Listed records:
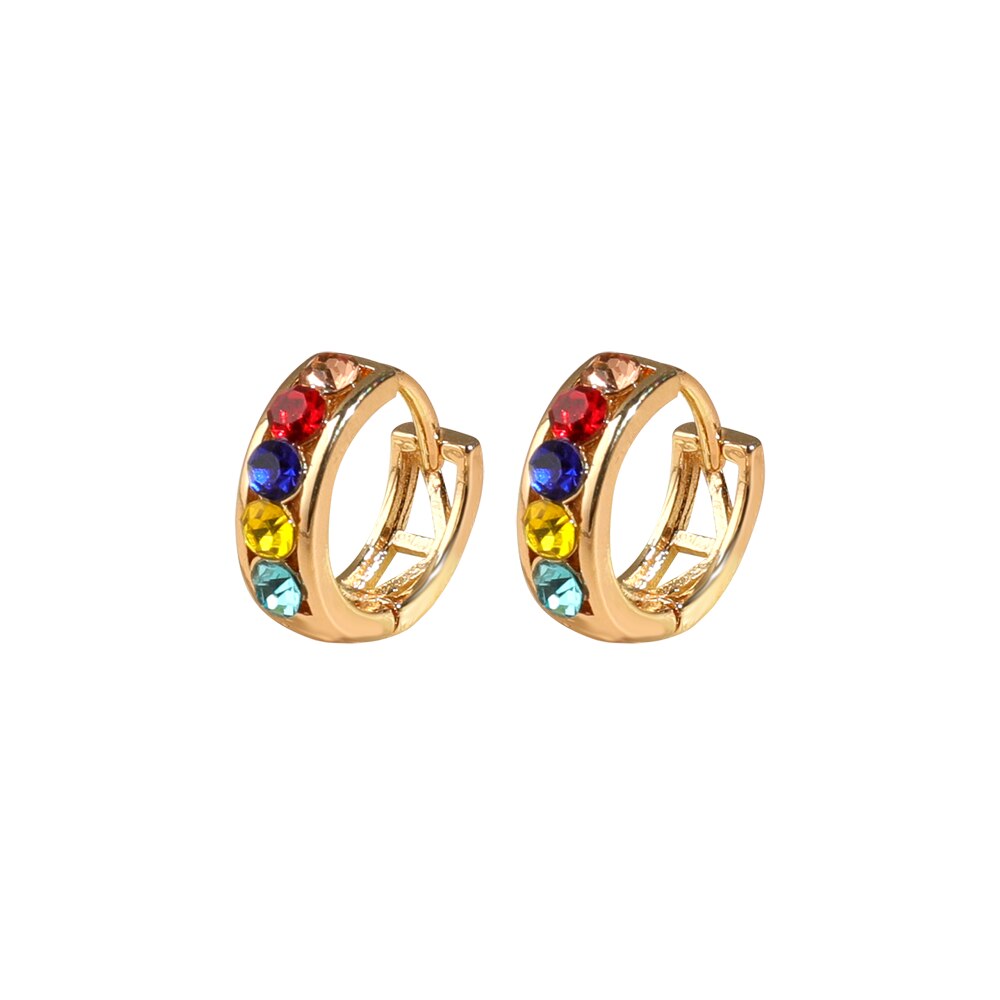 Luksus cubic zirconia hoop øreringe til kvinder flerfarvet udsagn cz krystal huggie øreringe guldfarve bryllups smykker: 1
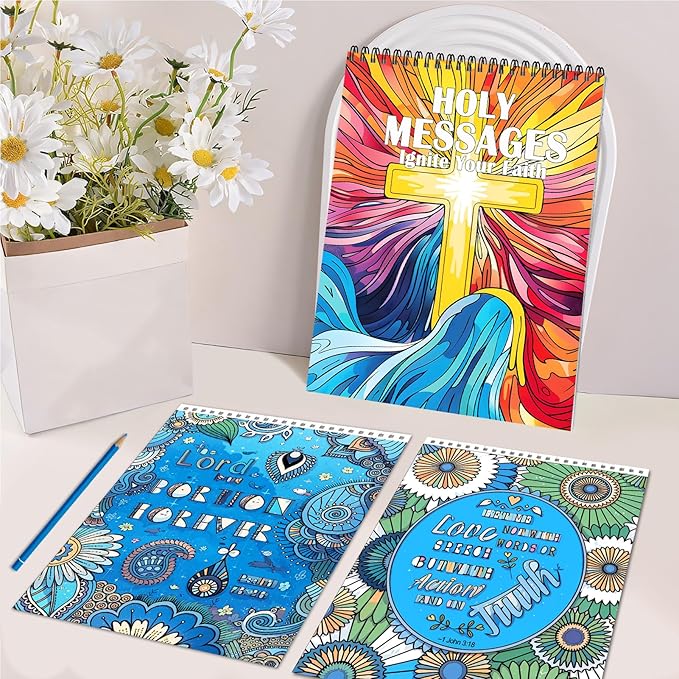 Bible Verse Coloring Book for Adults for Women with Bible Verses Page One Sided Design Spiral Bound Christian Coloring Book for Adults Relaxation 24 Colorful Coloring Pages Best Gifts for Women Men
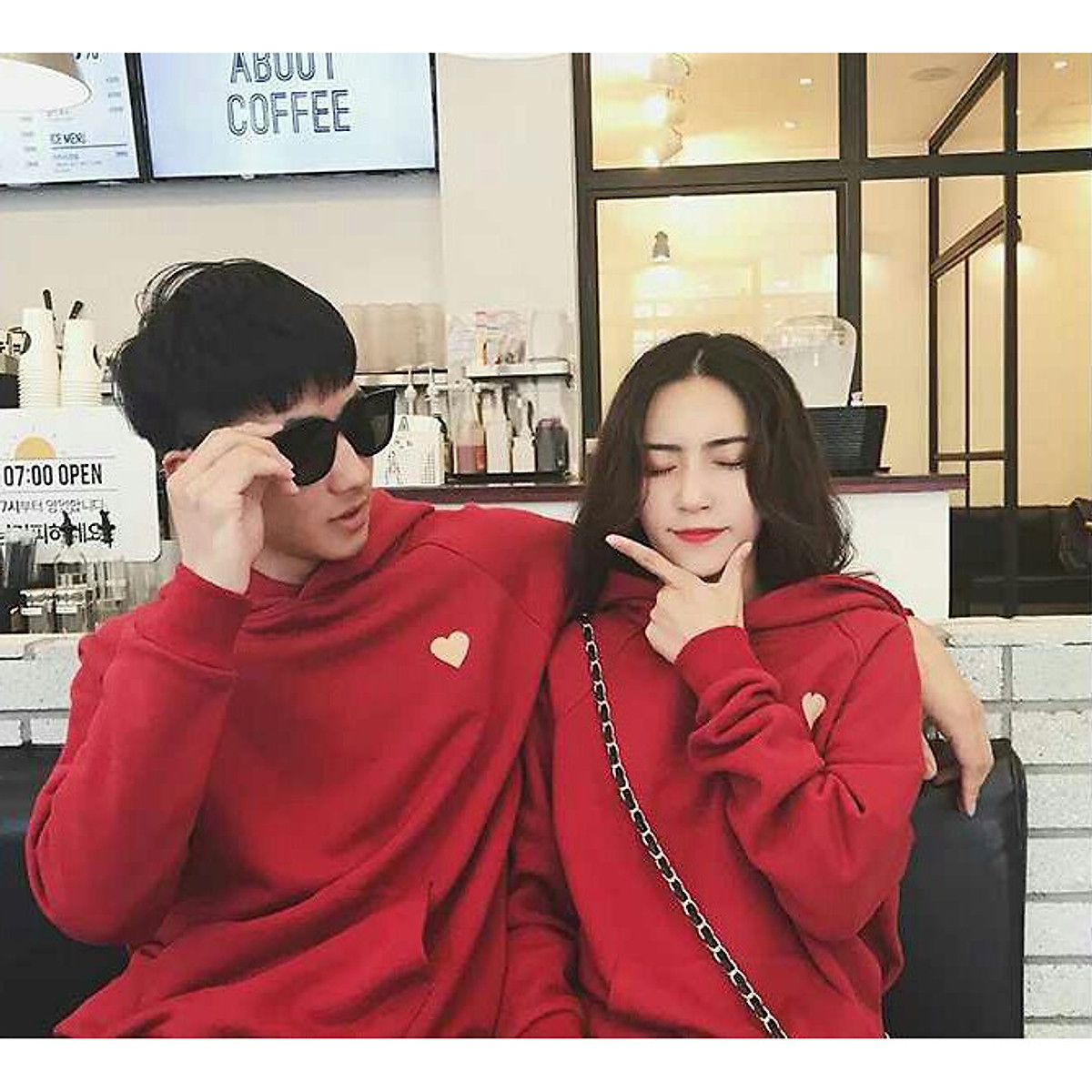 (40-58kg) Áo hoodie unisex nam/nữ chất nỉ bông mỏng thêu tim. Có ảnh thật treo.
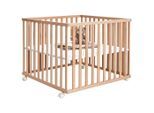 My Baby Lou Laufgitter , Buchefarben , Holz , Buche , massiv , 97x70x97 cm , höhenverstellbar , Baby- und Kindermöbel, Babyzimmer, Laufgitter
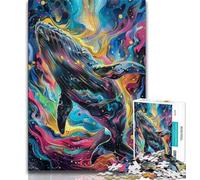 Puzzle da 1000 pezzi con balena ad acquerello per adolescenti, sfida difficile antistress, migliora l'amore tra coppie, 50x75cm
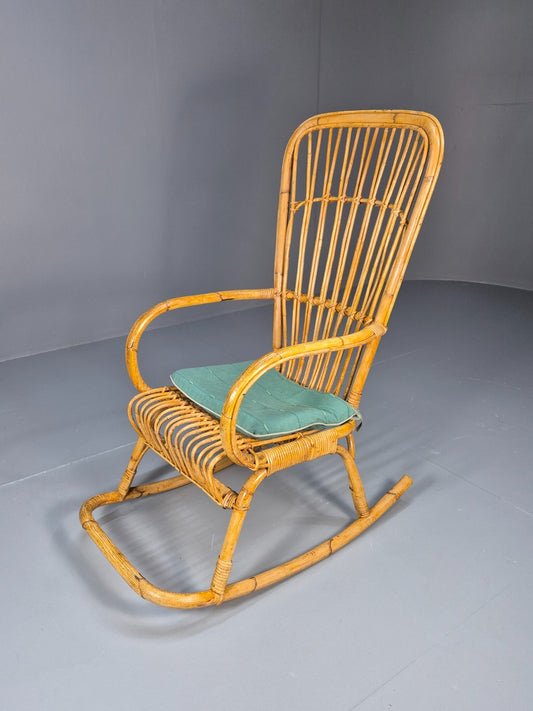 Vintage Franco Albini Style Cane Rattan Rocking Chair 1970s Retro EB9702 VBER - UKDK FURNITURE
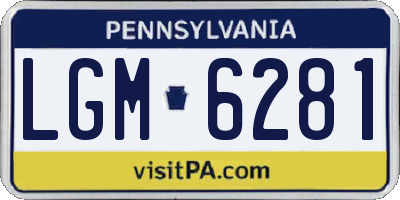 PA license plate LGM6281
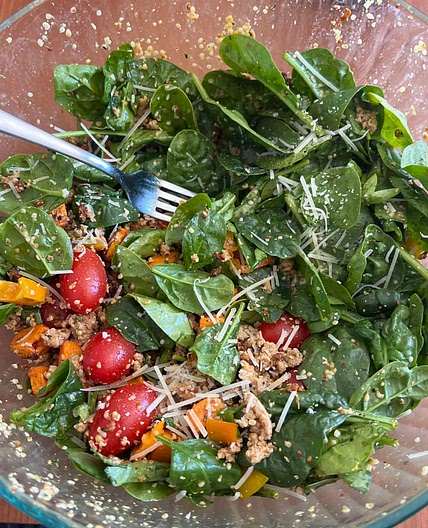 Turkey spinach salad bowl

Exercise brief:
Every line above must appear in the answer unchanged, and no picture may appear in it.

Answer to this task:
 Luksus cubic zirconia hoop øreringe til kvinder flerfarvet udsagn cz krystal huggie øreringe guldfarve bryllups smykker: 1
 Bible Verse Coloring Book for Adults for Women with Bible Verses Page One Sided Design Spiral Bound Christian Coloring Book for Adults Relaxation 24 Colorful Coloring Pages Best Gifts for Women Men
 (40-58kg) Áo hoodie unisex nam/nữ chất nỉ bông mỏng thêu tim. Có ảnh thật treo.
 My Baby Lou Laufgitter , Buchefarben , Holz , Buche , massiv , 97x70x97 cm , höhenverstellbar , Baby- und Kindermöbel, Babyzimmer, Laufgitter
 Puzzle da 1000 pezzi con balena ad acquerello per adolescenti, sfida difficile antistress, migliora l'amore tra coppie, 50x75cm
 Vintage Franco Albini Style Cane Rattan Rocking Chair 1970s Retro EB9702 VBER - UKDK FURNITURE
 PA license plate LGM6281
 Turkey spinach salad bowl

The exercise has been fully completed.